Monday, 11th July, 2011.
From Gouvia marina Jim and I took the bus into Corfu town centre for two reasons. One to check out the buses to and from the airport for arriving friends and secondly to find a Vodafone shop to sort out a new USB stick for the computer. The buses were no problem but on speaking with Vodafone they wanted 60 euros a month for a connection. We tried two other suppliers to no avail. We have managed the last two days to use the notebook at the cafe but it would be easier to be able to use it on Ariel especially for the weather reports. When we return to Corfu town we will have to bite the bullet and pay for the honour now we have got use to the idea.
Everything we have seen of Corfu is very nice. Corfu town was no exception. Corfu is the name by which we tourists know the island but the Greeks call it Kerkyra. It has a lush green landscape and the bays have lots of villa’s dotted in the hills together with hotel complexes. 75% of visitors to Corfu are British and it is not surprising most of the people you speak to can converse in English. Corfu town is on the east coast and looks across to the borders of Albania and Greece on the mainland.

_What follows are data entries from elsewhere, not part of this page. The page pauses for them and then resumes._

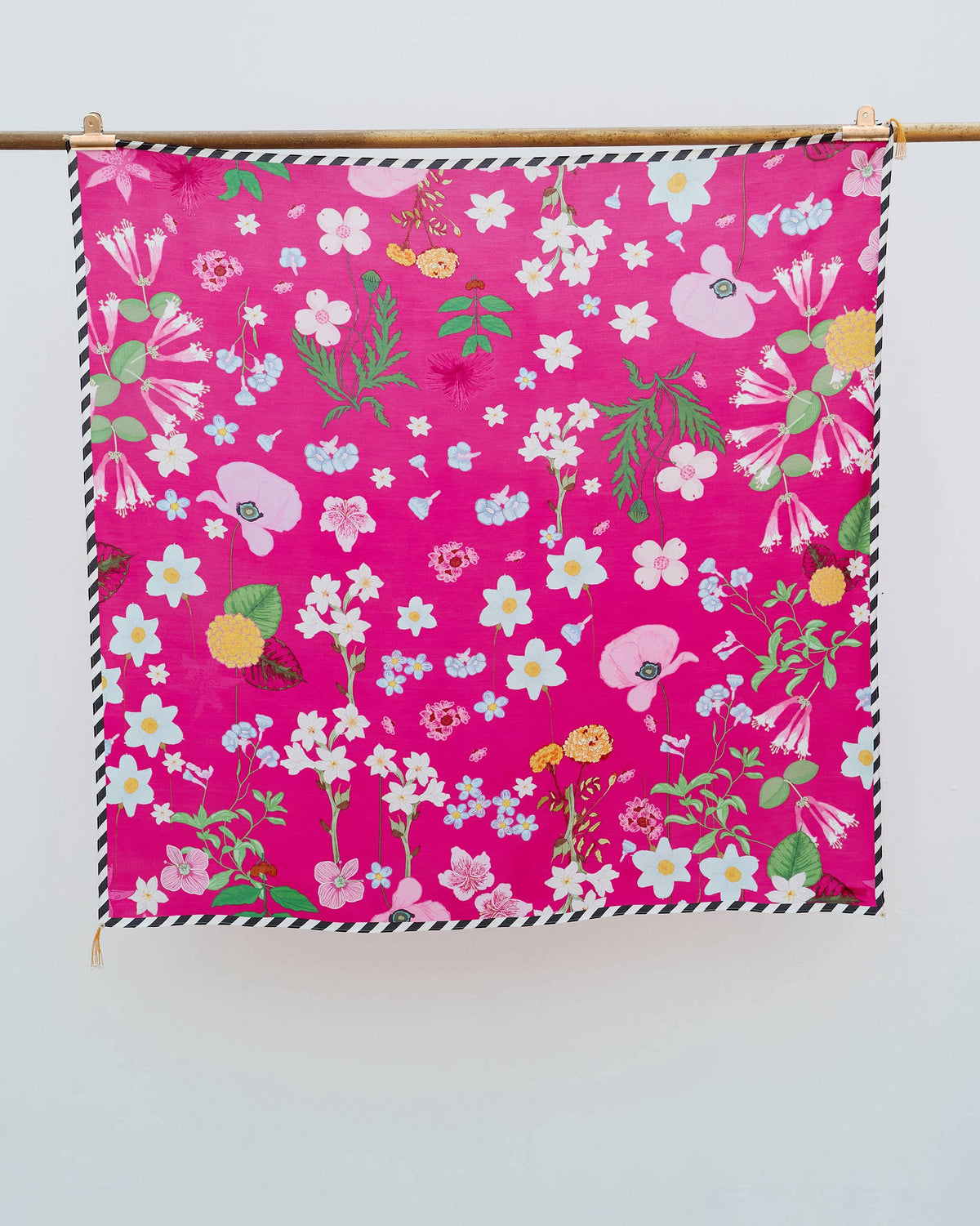 Wildflower Scarf hung from a rod, in fuchsia with white and blue flowers.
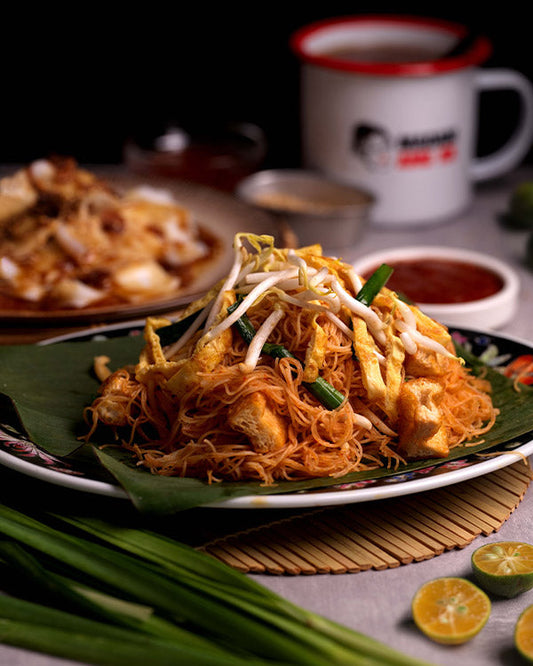 Sit down and enjoy the local flavour of Madam Ang KK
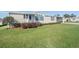Charming home featuring a well maintained lawn, cozy entryway, and manicured shrubbery at 37508 Gill Ave, Zephyrhills, FL 33541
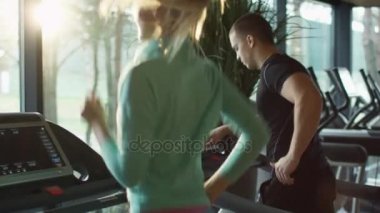 Egzersiz ve spor salonunda koşu bandı üzerinde çalışan kadın ve genç atletik erkek.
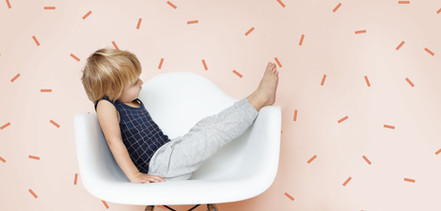 Boy Sitting on a Chair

Corfu started out life as a colony of Corinth, the first settlers arrived in 734 BC. The island played little part in the rise of Athens or the defeat but Corfu saw a succession of rulers but it was always on the fringes of the Hellenic world. The island came under Roman rule in 220 BC when Emperor Augustus made it his base prior to the battle of Actium. Nero is said to have dropped in about 67 AD. Corfu over the years never saw Turkish rule although the island was raided and besieged in 1537 when 20,000 inhabitants were carried off into slavery. In 1716, Saint Spiridon, Corfu’s patron saint saved the day by bringing on a rainstorm in August. Every year on the 11th August Corfu celebrates this day. It is also documented that about every fourth male born on the island is named after the saint.
The arrival of Napoleon in 1797 saw the end of Venetian rule and in came a period of unstable French rule. The British took over Corfu between 1815 and 1864 when control was given to the new Greek state.
There are colonial houses in the town of French and British Georgian buildings with two huge fortresses, a cricket pitch in front of the Royal Palace which now houses Chinese and Japanese porcelain and bronzes. There are many museums in the town with something for everyone such as the Archaeological Museum which houses sculptures from the Temple of Artemis 580 BC.
We enjoyed the side alleys and all the little shops. As it was so hot we stopped at a restaurant overlooking the bay for lunch. It was a marvellous place to stop and we enjoyed a lovely Greek salad before making our way back through Corfu town to the bus stop.